As much as my sister wanted me to stay home and so did my anxiety tey, I couldn’t get over the fact that Conrad was missing. I promised Susannah that I would look after him when she passed away and I will always keep that promise. It was a very awkward drive up there and I felt like I was just used by Jeremiah to make the situation less awkward. He kept asking me questions that he had no interest in asking me in all the years I have known him. Eventually I just put my headphones in and left them alone with their problems. The interactions between Belly and Jeremiah were super awkward to be around.
After last summer, I’ve had a lot of resentment towards my sister. I was super happy when I originally found out that she was with Jeremiah. They seemed like they would make a very good couple but at the end of summer I found out she kissed Conrad. I don’t just hold the resentment towards her kissing Conrad but also because I feel like it was a shitty thing to do if she was with Jere. She was making things messy, like Steven said. Her choices and behaviour made me angry and I couldn’t even hold a conversation with her without being mad. So overall, the tension on the drive up to Cousins was horrible.
However, even though this summer was super stressful, it was also super rehabilitating. Conrad and I became close again, Jeremiah, Belly and Conrad worked things out, Steven and Taylor got together and we even became close with Jere and Con’s cousin, Skye. Belly and I even smoothed things over with our relationship. Although, my relationship between Conrad felt different in a really amazing way. Our stares would linger far more than they should, he was more touchy with me and I swore at the party, before Milo and Stevens fight, we almost kissed. I thought this summer brought us closer together. Which brings us to today.
Yesterday we found out that Conrad got into Stanford but because he missed a week before his final, he didn’t think he’d be able to pass which meant no Stanford. Thus, we pulled a famous all nighter. I was so proud of Conrad, so proud, and I reminded him every five seconds. We even had a group dance party in the kitchen. It was a nice night.
Now we are on the way to Brown in support of Conrad. I want to make sure that his Stanford dream comes true. A studying Conrad and I are in the backseat while Belly and Jere are in the front.
“She’s a good girl, loves her mama!” Belly, Jere and I sang loudly.
“I’m trying to study!” Conrad exclaimed.
“She’s a good girl, crazy about Elvis.” Belly sang while looking at Conrad.
“Loves horses and her boyfriend too.” I sang while I tapped Conrad’s nose.
He gave me one of his luxurious smiles which just melted my heart.
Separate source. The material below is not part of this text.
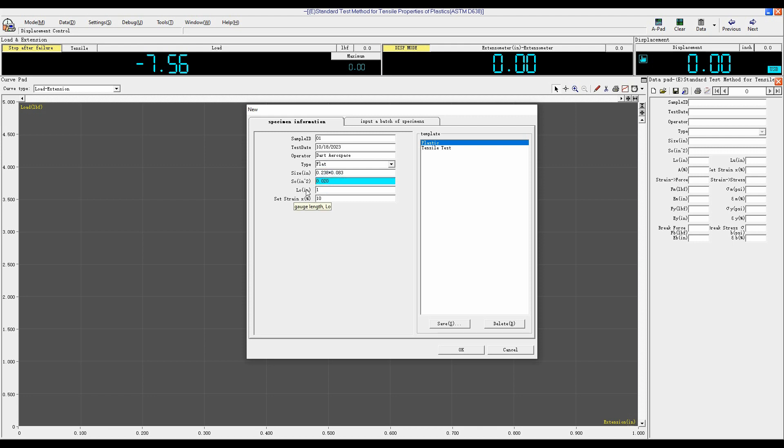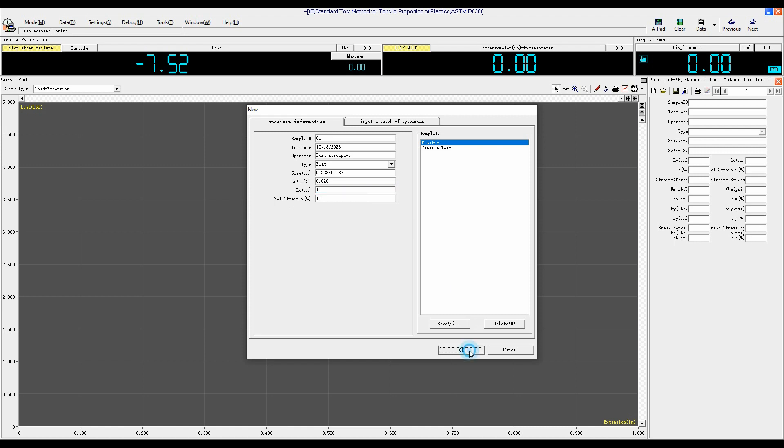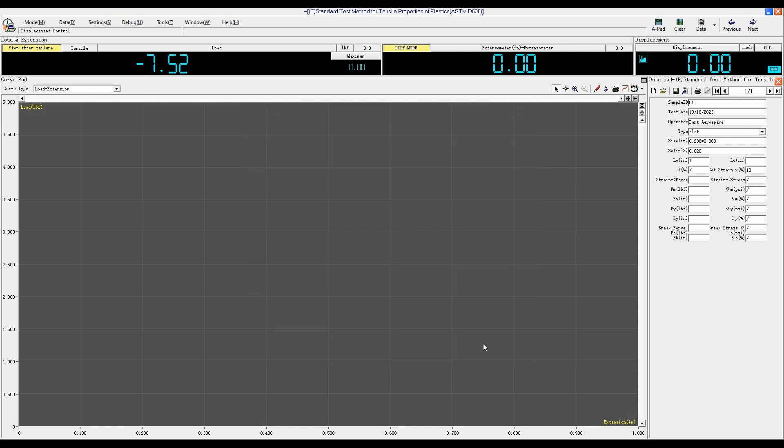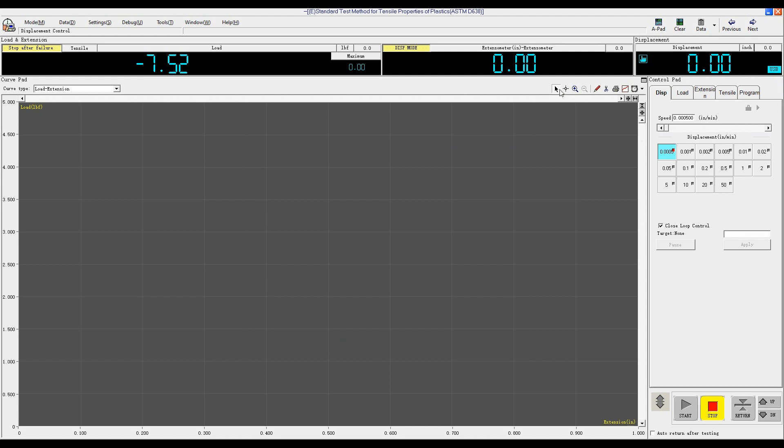LO means the gauge length. And the set strain, like 10% and click OK. Close Date Pad.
I would do anything for this boy, he made me so happy.
As we pulled into Brown, my nervousness got worse. I was nervous for Conrad. This week must have been a lot of pressure. Dealing with the house being up for sale and dealing with the thought of school. I could just feel the weight on this boy’s shoulders. It must have been the same for Conrad because he grabbed my hand and squeezed it.
“Hey”, I began to whisper, “you are going to do great! I’ll walk you to the door ok?”
“Ok. Thank you guys, I really appreciate it.”
“Of course man, go kill it.” Jeremiah said.
“You’ll do great Con!”
Whenever my sister talked to Conrad, I got rushes of jealousy. Sometimes I wonder if there is still something there between the two.
“Alright guys, I’ll be back eventually.” I said as I got out of the car.
Conrad walked over to me and held my hand.
“You should tour around Brown. You’d love it here, y/n/n! They have a huge library that you’d spend a lot of time in.”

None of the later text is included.